> Exercise goal: Write the listing out again word for word, excluding any pictures.

> Collected material:

%%

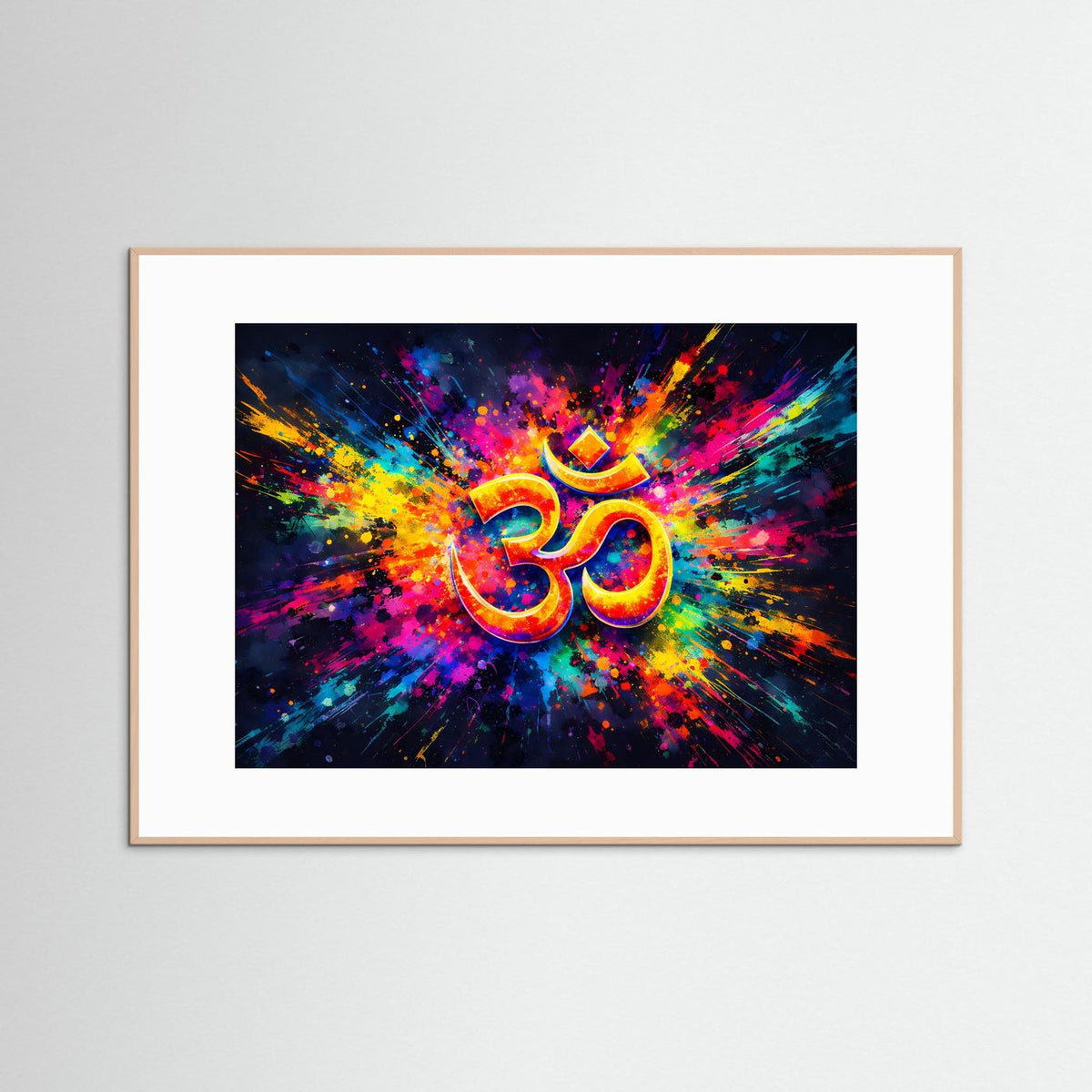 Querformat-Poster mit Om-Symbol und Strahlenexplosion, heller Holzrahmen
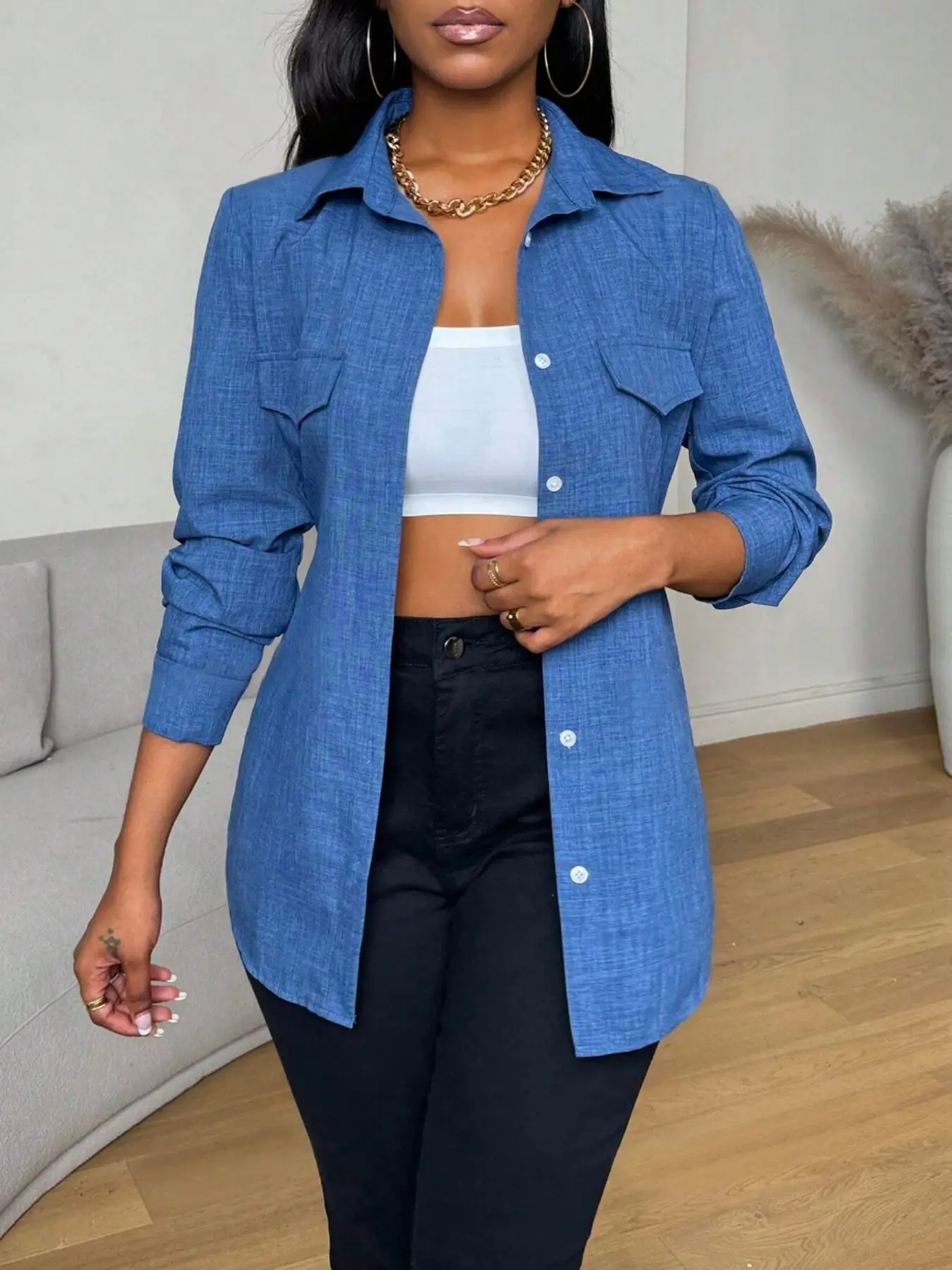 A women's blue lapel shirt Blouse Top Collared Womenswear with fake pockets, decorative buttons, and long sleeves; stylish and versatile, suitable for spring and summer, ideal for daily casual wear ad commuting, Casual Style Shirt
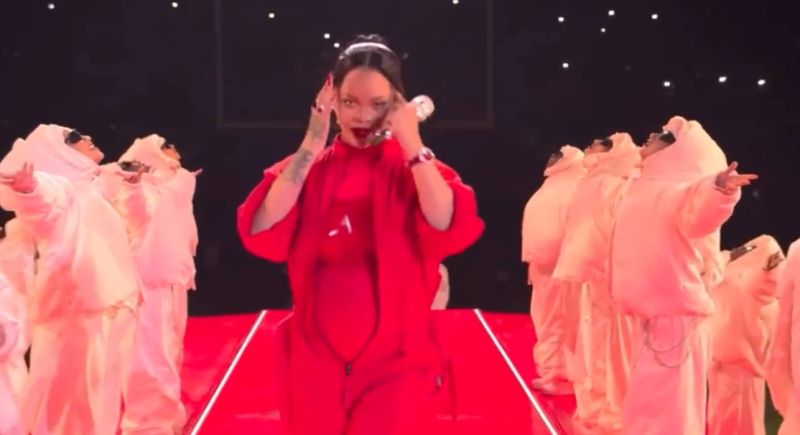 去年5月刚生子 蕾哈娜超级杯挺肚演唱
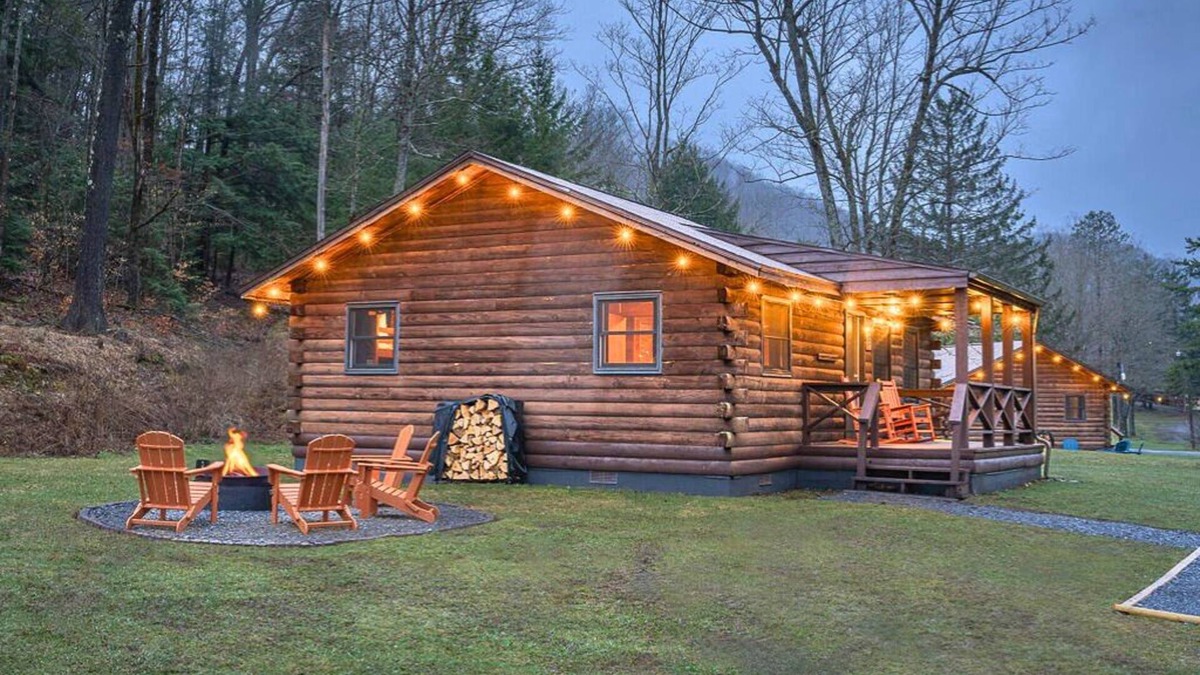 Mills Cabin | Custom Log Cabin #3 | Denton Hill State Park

%%

> Your response:
 Querformat-Poster mit Om-Symbol und Strahlenexplosion, heller Holzrahmen
 A women's blue lapel shirt Blouse Top Collared Womenswear with fake pockets, decorative buttons, and long sleeves; stylish and versatile, suitable for spring and summer, ideal for daily casual wear ad commuting, Casual Style Shirt
 去年5月刚生子 蕾哈娜超级杯挺肚演唱
 Mills Cabin | Custom Log Cabin #3 | Denton Hill State Park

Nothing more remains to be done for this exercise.